C# Mask Optimization

Mask optimization. An int has 32 bits. Each bit can be set separately. Because of this, it can be used as a simple array of boolean values. In certain string processing tasks, this mask optimization yields good results.

Note: With this optimization, we can avoid handling duplicate letters by keeping track of ones already encountered.


Example. The goal of this program is to detect duplicate letters in a string of lowercase chars. To do this, it uses a mask integer. The lowercase letters are converted to integers 0 to 25 by subtracting 97 from their ASCII representation.

Char

Then: As each letter is encountered, its bit is tested. If it was already encountered, its bit will be set to 1.

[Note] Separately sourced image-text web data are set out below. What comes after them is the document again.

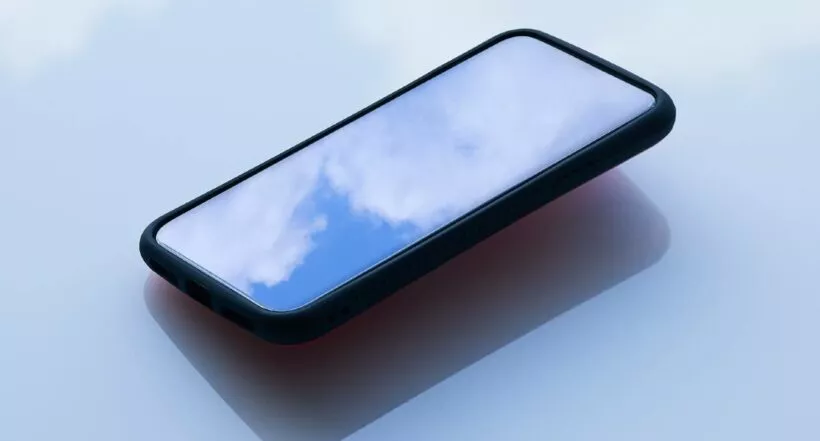 Foto de contexto de una pantalla de celular con imagen del cielo a propósito de cómo eliminar cuentas en redes de alguien que murió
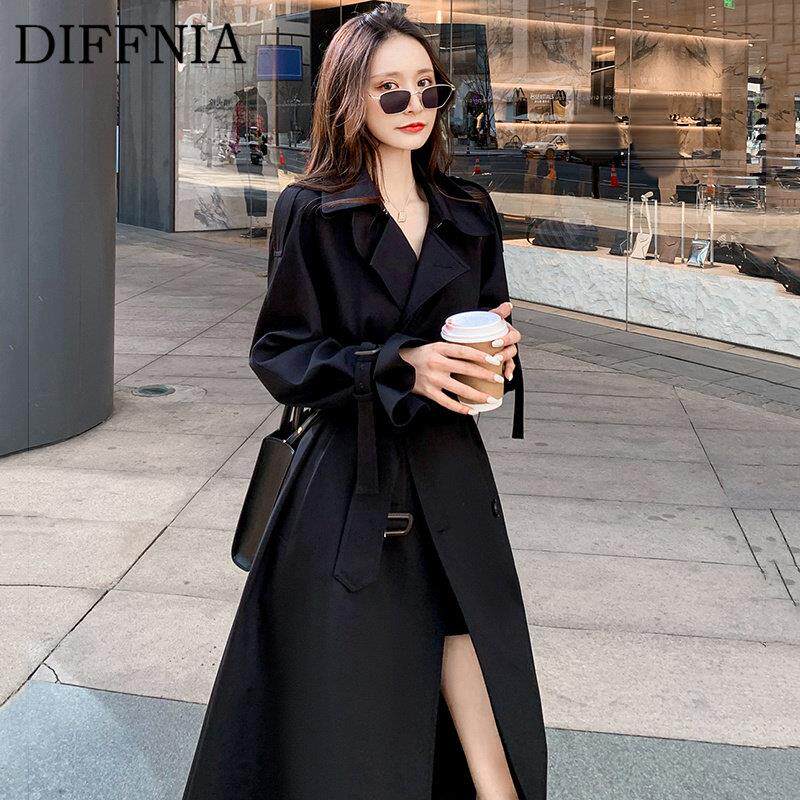 DIFFNIA 风衣外套女黑色春秋新款流行中长版气质英伦风小个子大衣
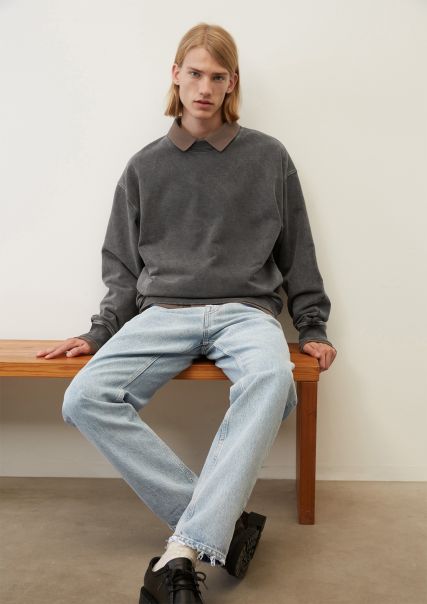 Gray Pin Elegante Heren Stonewashed Sweatshirt Relaxed Gemaakt Van Zacht Biologisch Katoen Sweaters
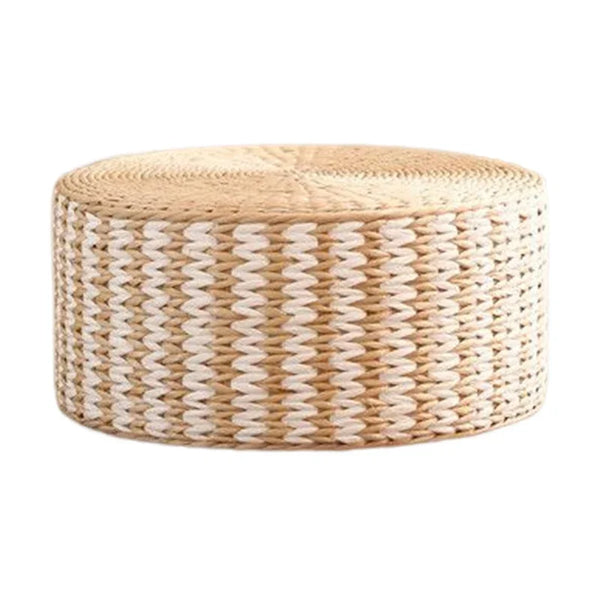 Woven Straw Pouf-ToShay.org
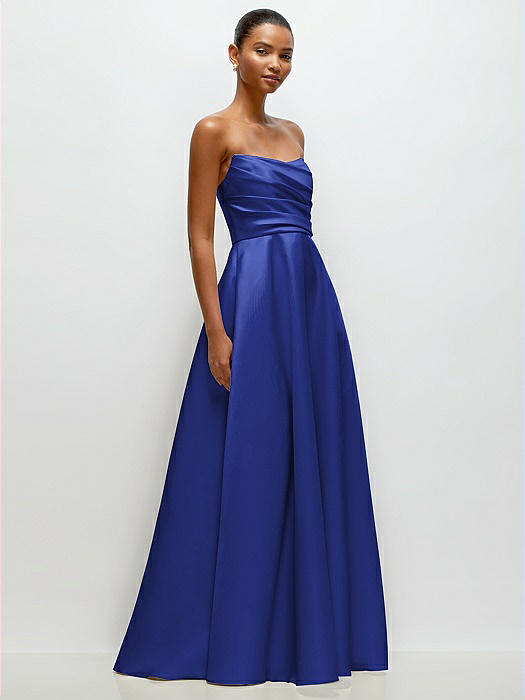 Strapless Draped Cat-Eye Satin Maxi Dress with Full Skirt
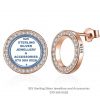 Rose Gold Circle Love Life Stud Earrings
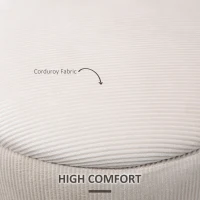 HOMCOM Set of 2 Round Ottoman with Storage, Fabric Vanity Stool for Makeup, Footrest Stool with Removable Lid for Living Room & Bedroom, Cream White(m-6)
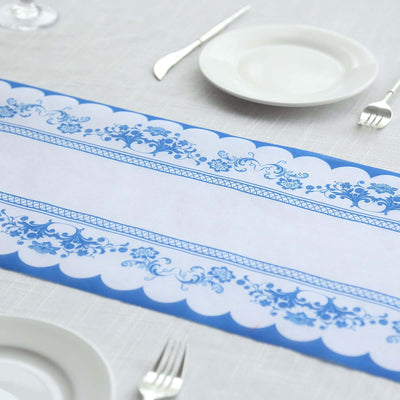 5 Pack Disposable Table Runners 11’’x108’’ White with Blue Ornate Floral Prints - Non-woven Stylish Kitchen Dining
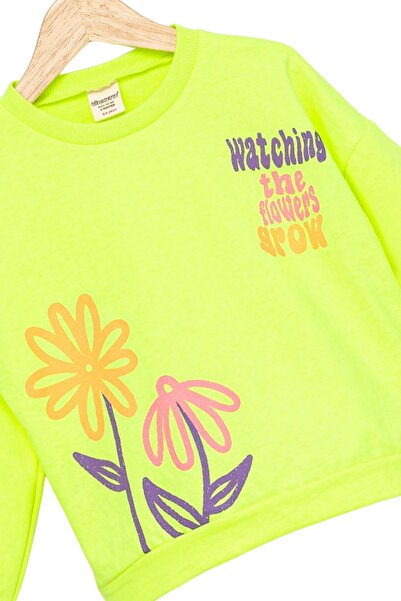 Divonette Girl's Sweatshirt Highlighter Green Long Sleeve Children's Sweatshirt with Lettering and Floral Pattern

Otherwise: We record the letter in the mask. The next time it is encountered we will recognize it.

C# program that checks duplicate letters

using System;

class Program
{
    static void Main()
    {
	Console.WriteLine("perls");
	ReportDuplicateCharacters("perls");

	Console.WriteLine("massive");
	ReportDuplicateCharacters("massive");

	Console.WriteLine("mississippi");
	ReportDuplicateCharacters("mississippi");
    }

    static void ReportDuplicateCharacters(string value)
    {
	int mask = 0;
	for (int i = 0; i < value.Length; i++)
	{
	    int index = value[i] - 97;
	    if ((mask & (1 << index)) != 0)
	    {
		Console.WriteLine("Duplicate: {0}", value[i]);
	    }
	    else
	    {
		mask |= (1 << index);
	    }
	}
	// To zero a bit: mask &= ~(1 << index);
    }
}

Output

perls
massive
Duplicate: s
mississippi
Duplicate: s
Duplicate: i
Duplicate: s
Duplicate: s
Duplicate: i
Duplicate: p
Duplicate: i


Discussion. My algorithm only requires one pass through the string. In testing I found that an array of bools is about as fast. It is possible to re-use the memory of an array of bools and get similar performance to this bitmask approach.

But: The mask approach here is more memory-efficient should you need to store this data somehow.


Summary. This style of bit-testing algorithm has a limited range of use in programming. Sometimes it is effective. Usually it is not worthwhile. I have rewritten this particular algorithm repeatedly—which means it's probably worth documenting.